AttributeError: 'google.protobuf.pyext._message.FieldDescriptor' object has no attribute 'is_repeated'

In [23]:
with mlflow.start_run(run_name="model_1"):
    X = reg2[['x1']]
    y = reg2['y']
    X_train, X_test, y_train, y_test = train_test_split(X, y, test_size=0.2)

    model = LinearRegression()
    model.fit(X_train, y_train)
    y_pred = model.predict(X_test)

    mlflow.log_metric("mse", mean_squared_error(y_test, y_pred))
    mlflow.log_metric("r2", r2_score(y_test, y_pred))
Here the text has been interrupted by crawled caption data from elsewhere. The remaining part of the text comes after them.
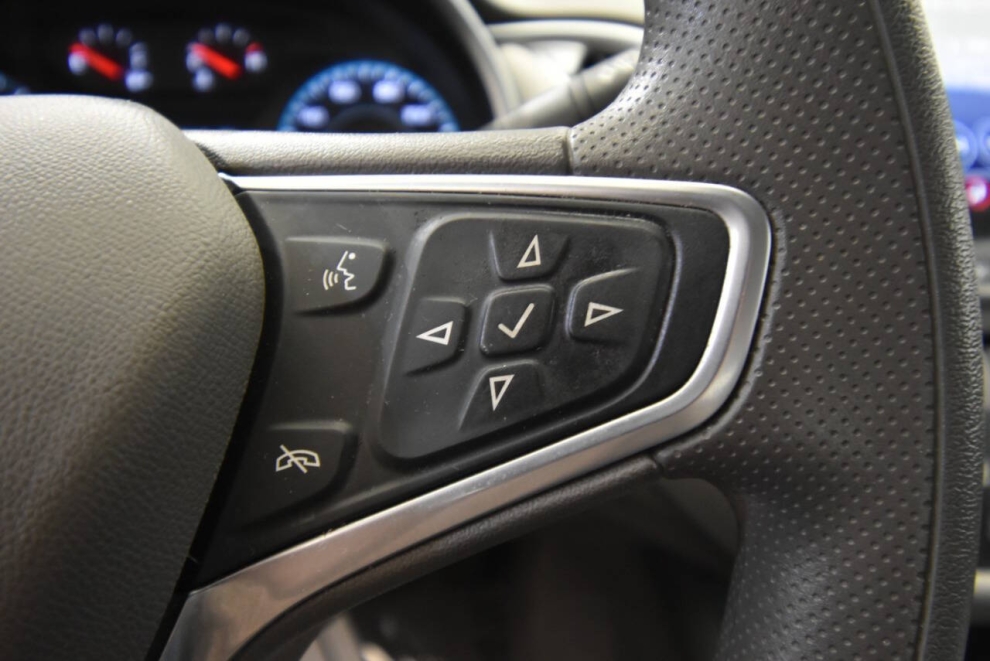 2022 Chevrolet Malibu LT 4dr Sedan, White, Mileage: 64,302 - photo 25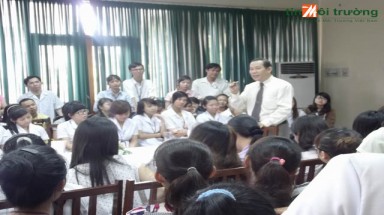 Thầy Nguyễn Lê Nhật Thanh nói về “Văn hóa bàn tiệc”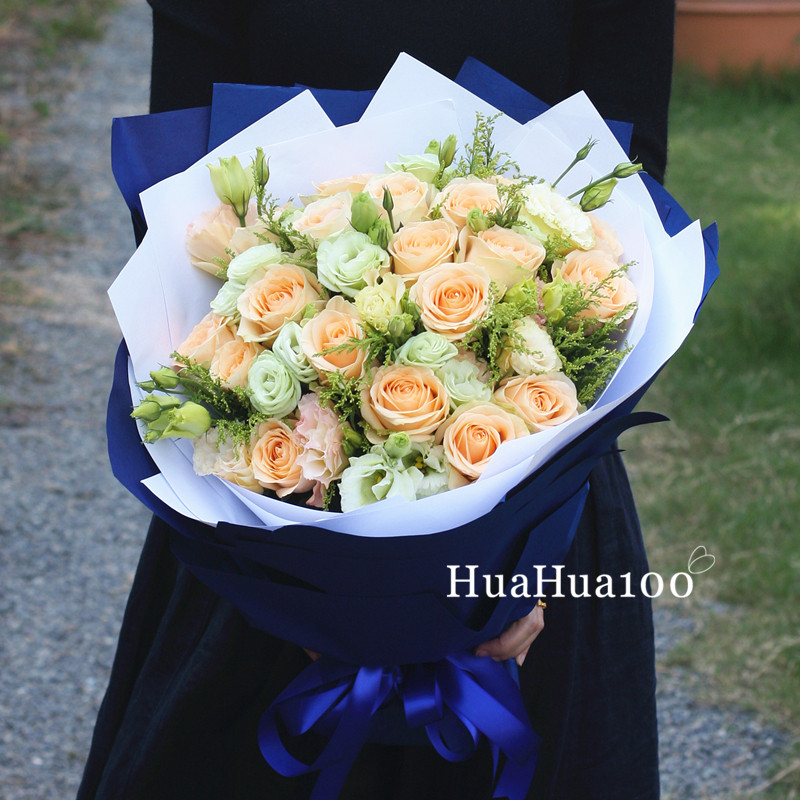 一天一点思念丨19朵香槟玫瑰桔梗花束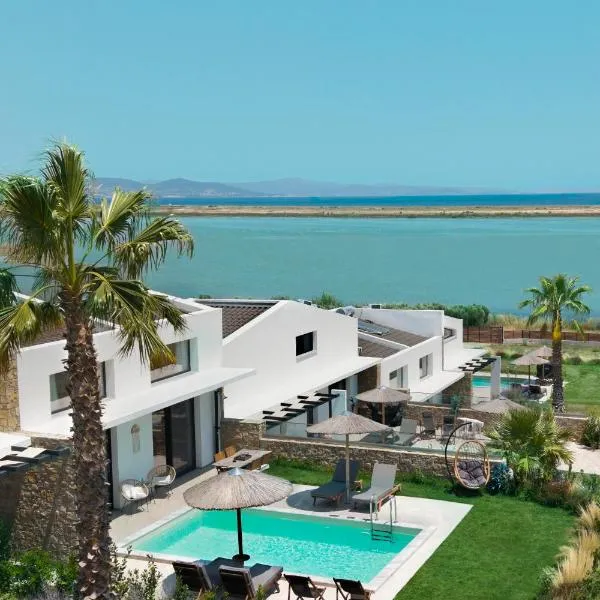 Flamingo View Suites & Villas, hotel in Nea Potidaea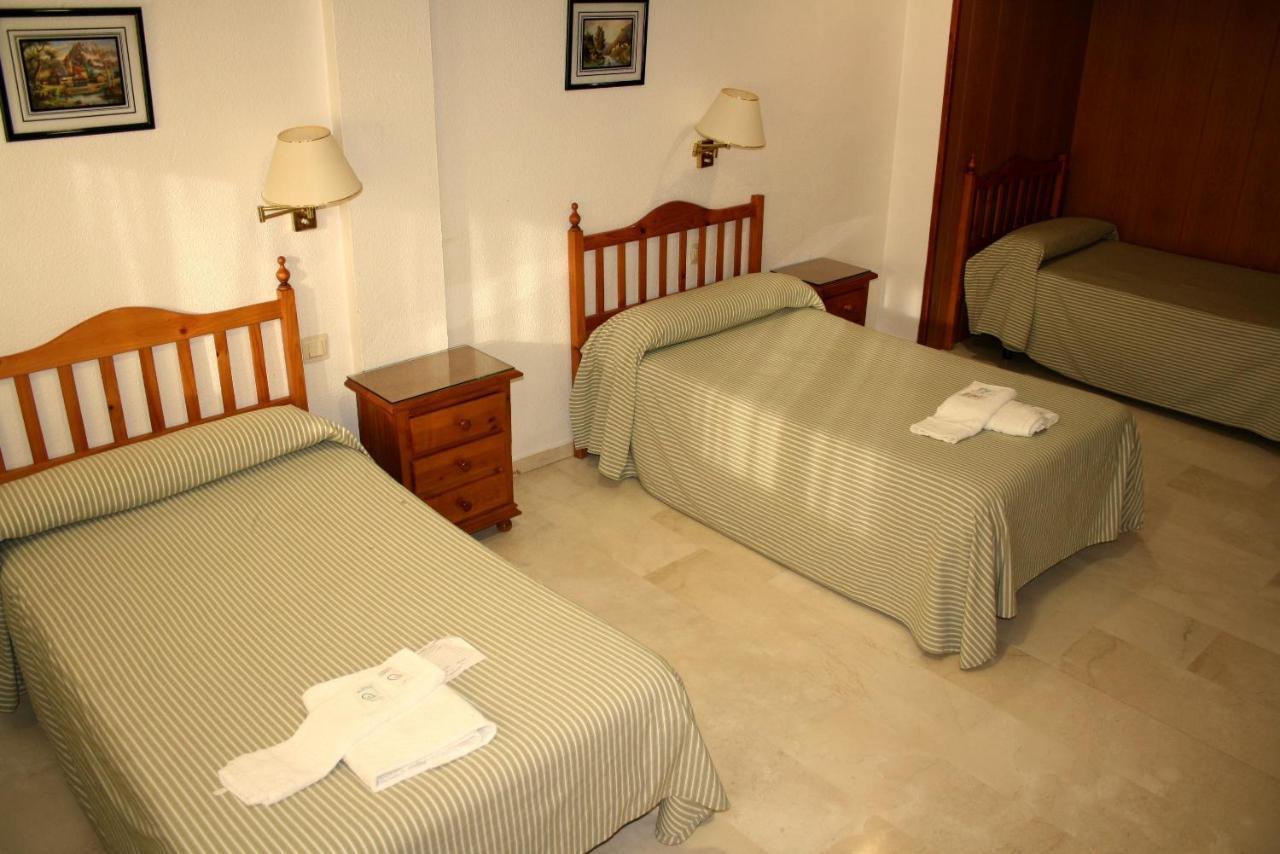 Pension Reina Josefina Santa Fe  Room photo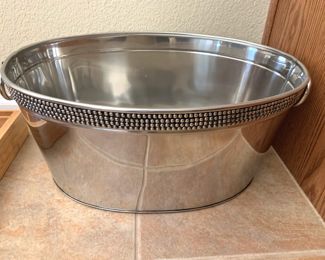 Metal decorative tub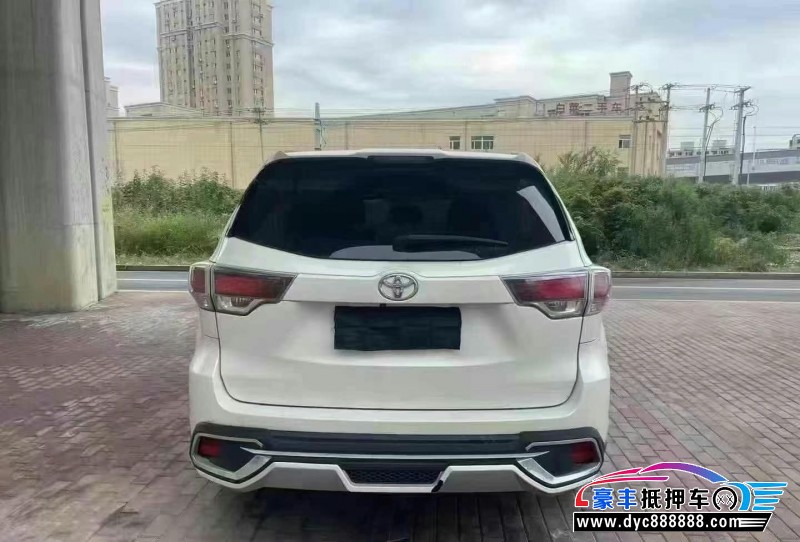 17年丰田汉兰达轿车抵押车出售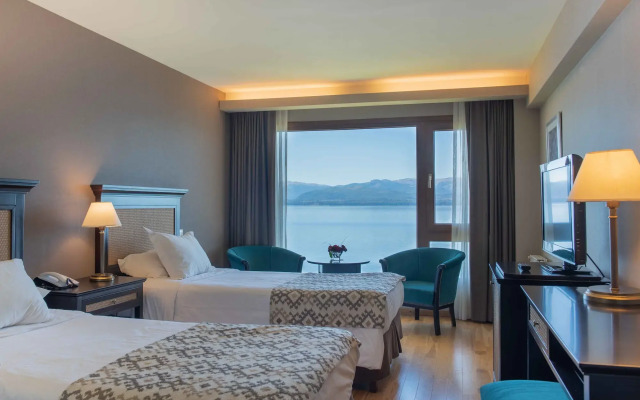 Cacique Inacayal Lake & Spa Hotel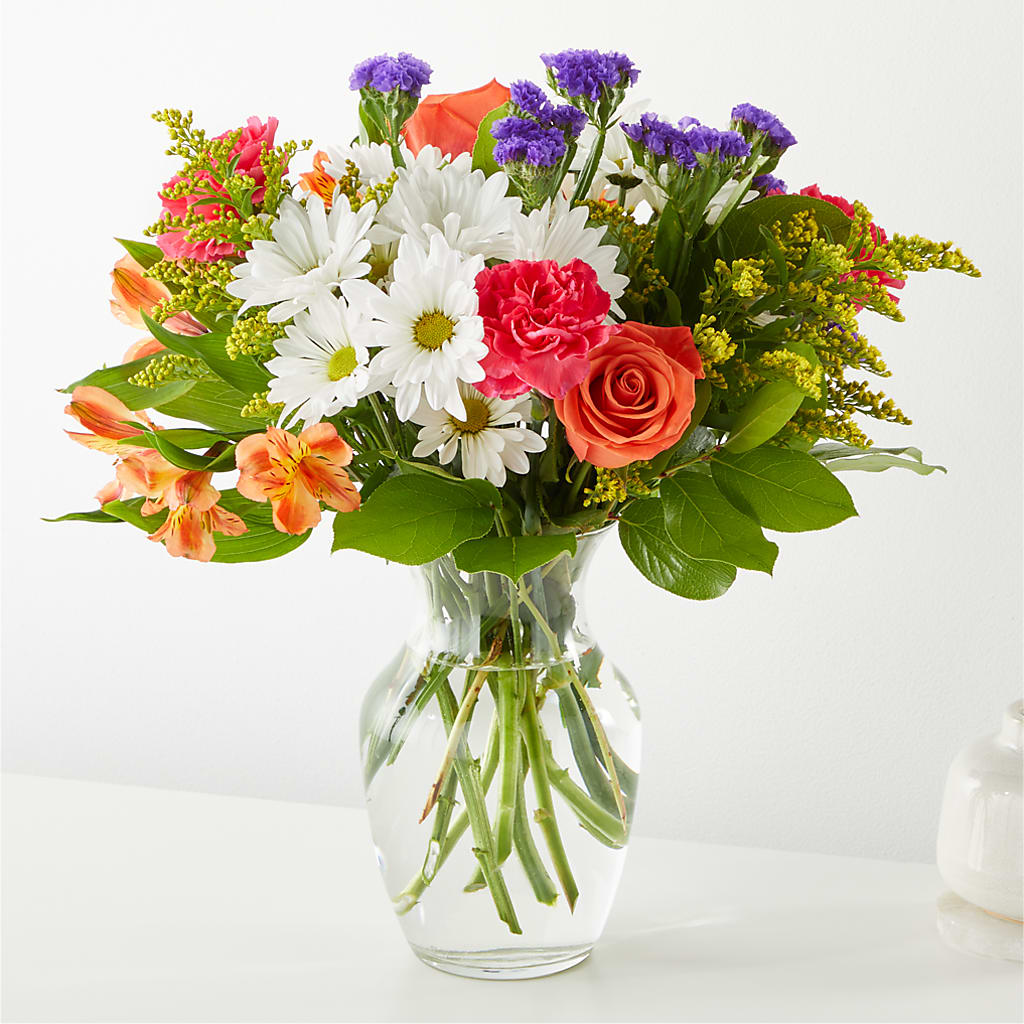 Oopsie Daisy Bouquet flower arrangement by Honeybee Floral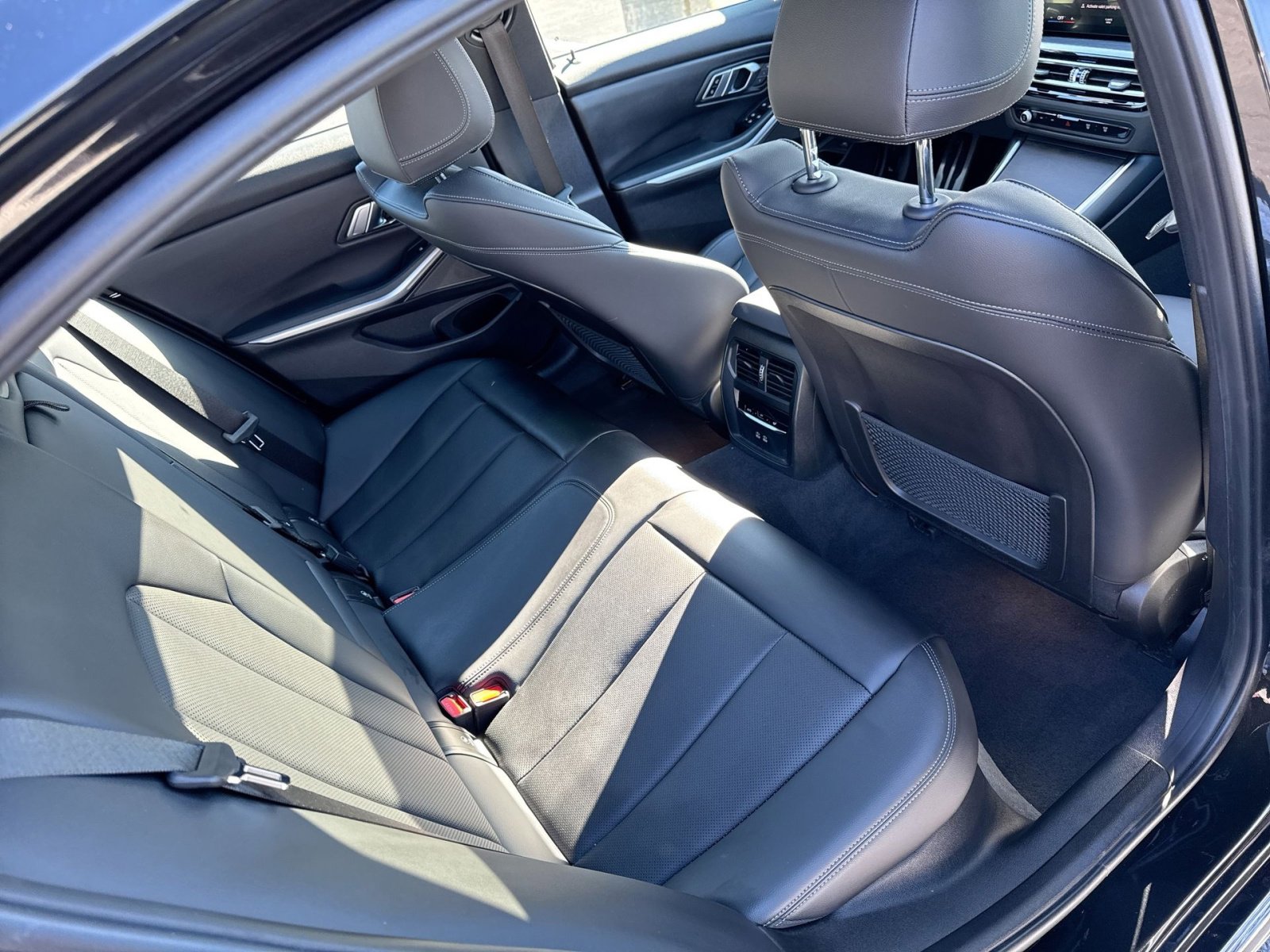 Used 2023 BMW M340i w/ Premium Package image 32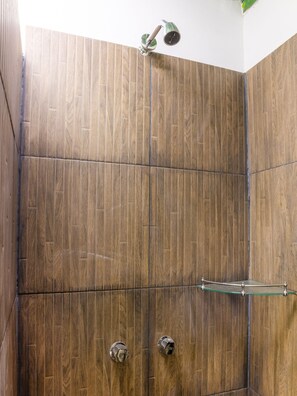 Standard Room, 1 Twin Bed | Bathroom | Shower, towels, soap, shampoo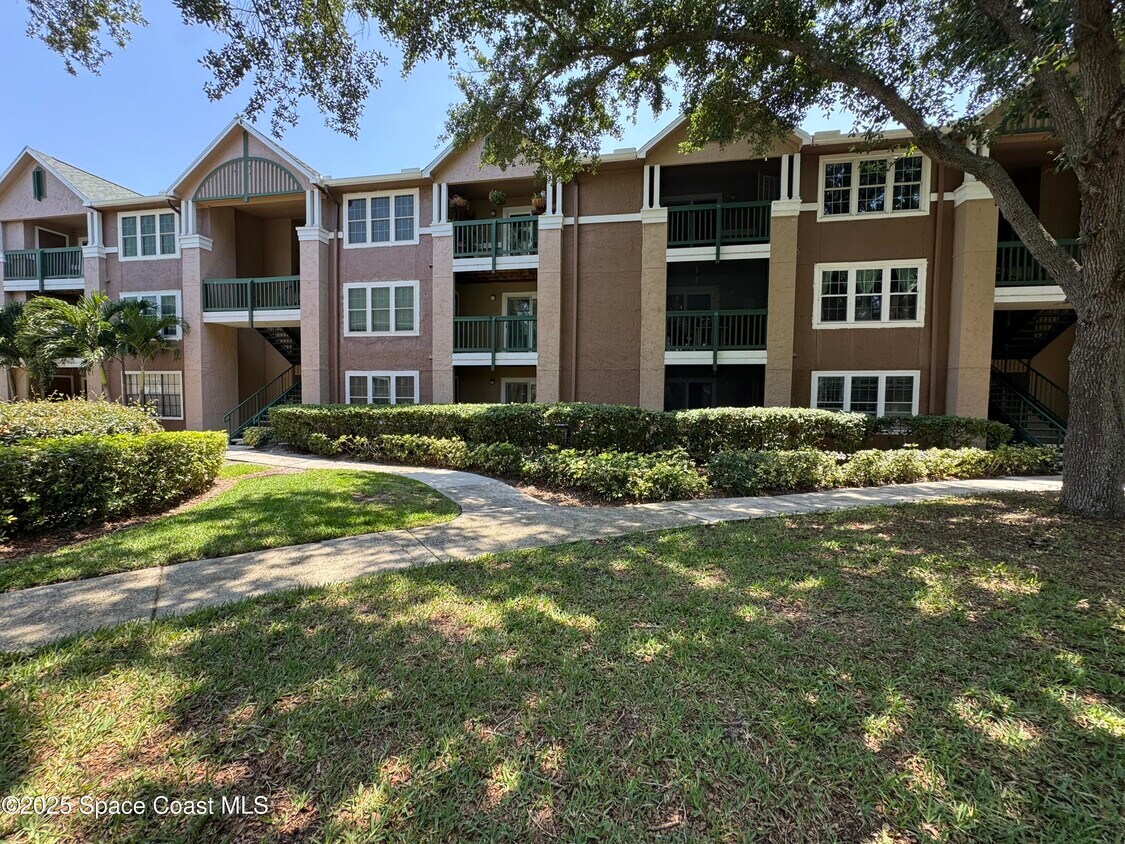 Foto principal - 7667 N Wickham Rd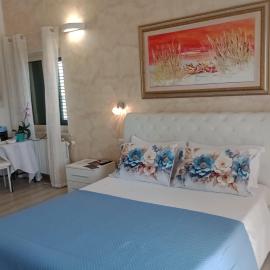 Viola di Mare Rooms and Parking，位于泰尔莫利的酒店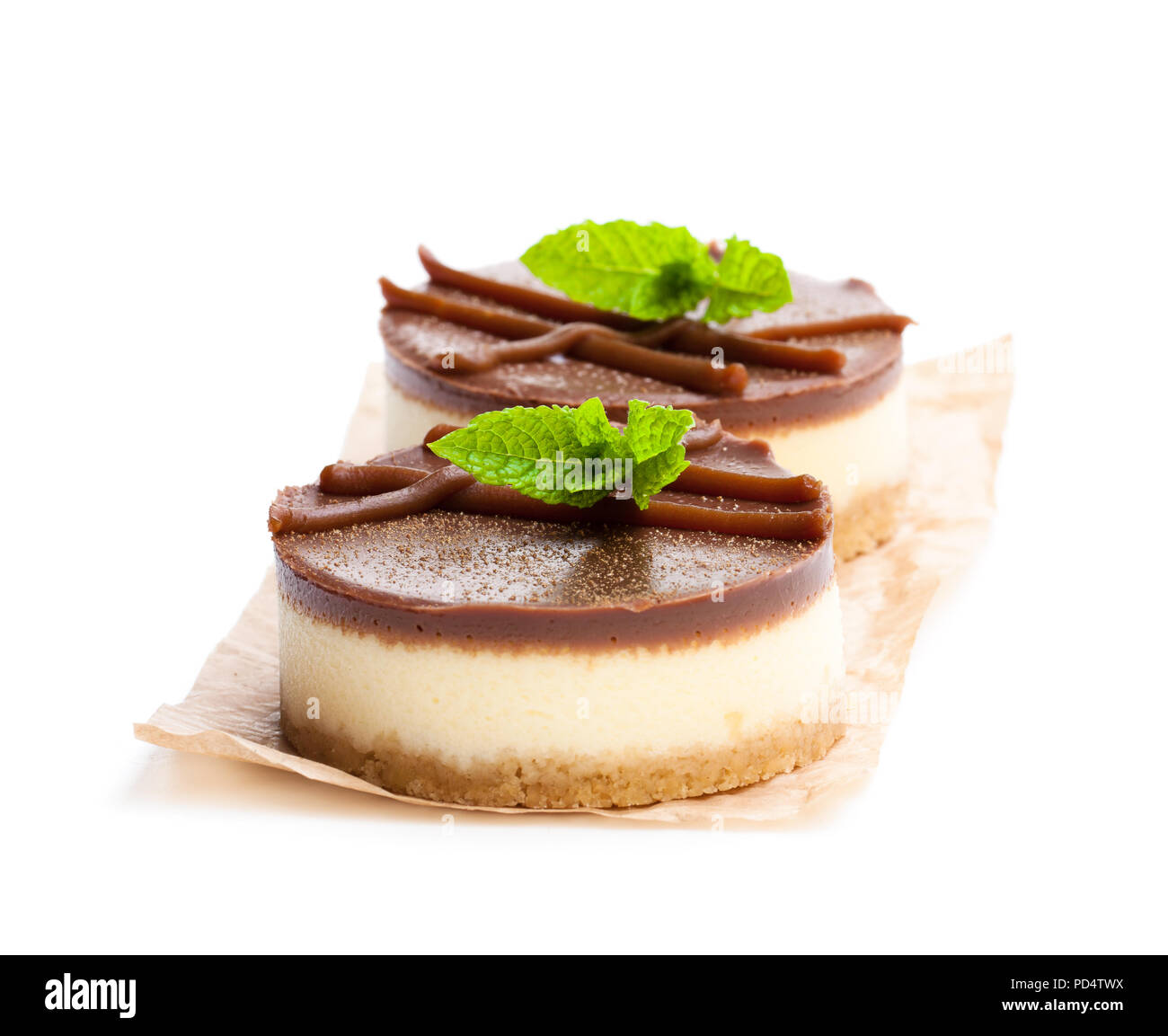 Zwei Mini chocolate Cheesecake isoliert auf weißem Stockfoto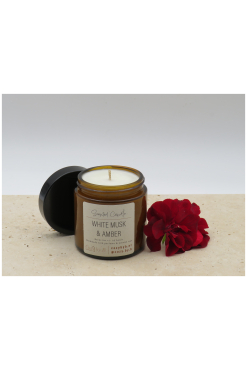 Cozy by B Oriental Mood geurkaars, duurzame natuurlijke was met geuren van Amber, musk, lavendel, ideaal voor een ontspannen sfeer.
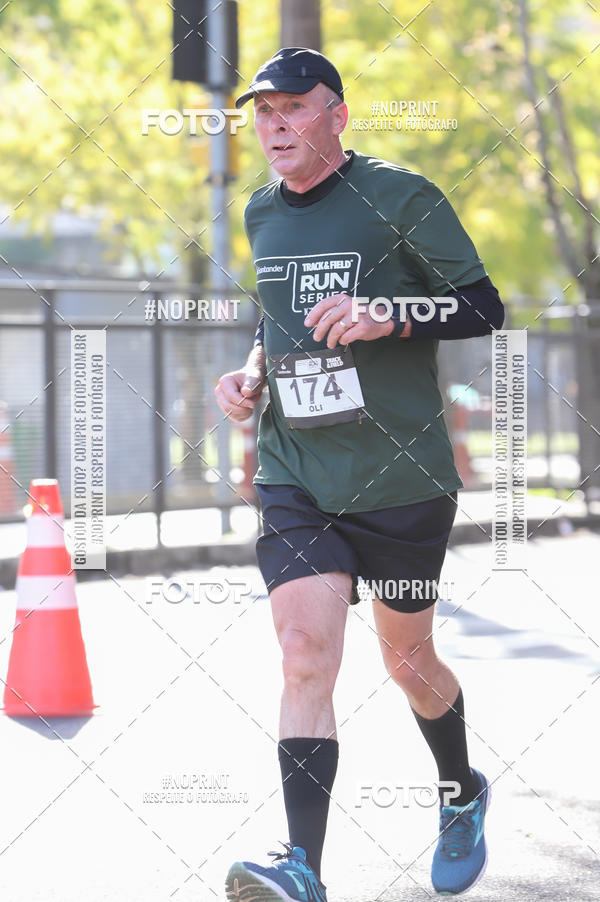 Buy your photos of the eventSANTANDER TRACK&FIELD RUN SERIES - Iguatemi Porto Alegre on Fotop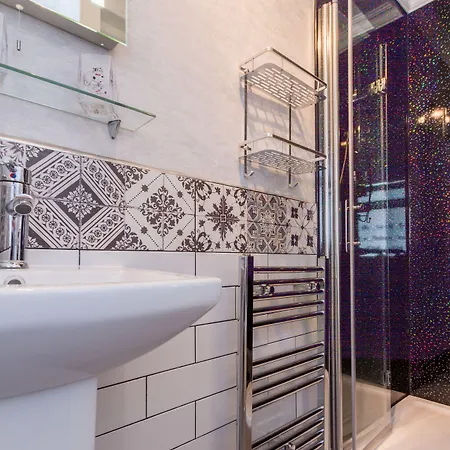 Pensionat Cambridge House (adults Only) 3*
    mlflow.sklearn.log_model(
        sk_model=model,
        artifact_path="model_1",
        registered_model_name="model_1"
    )


AttributeError: 'google.protobuf.pyext._message.FieldDescriptor' object has no attribute 'is_repeated'

In [39]:
conda install protobuf=4.21.12

Retrieving notices: ...working... done
Channels:
 - defaults
 - pytorch
Platform: osx-arm64
Collecting package metadata (repodata.json): done
Solving environment: failed

PackagesNotFoundError: The following packages are not available from current channels:

  - protobuf=4.21.12*

Current channels:

  - defaults
  - https://conda.anaconda.org/pytorch/osx-arm64

To search for alternate channels that may provide the conda package you're
looking for, navigate to

    https://anaconda.org

and use the search bar at the top of the page.



Note: you may need to restart the kernel to use updated packages.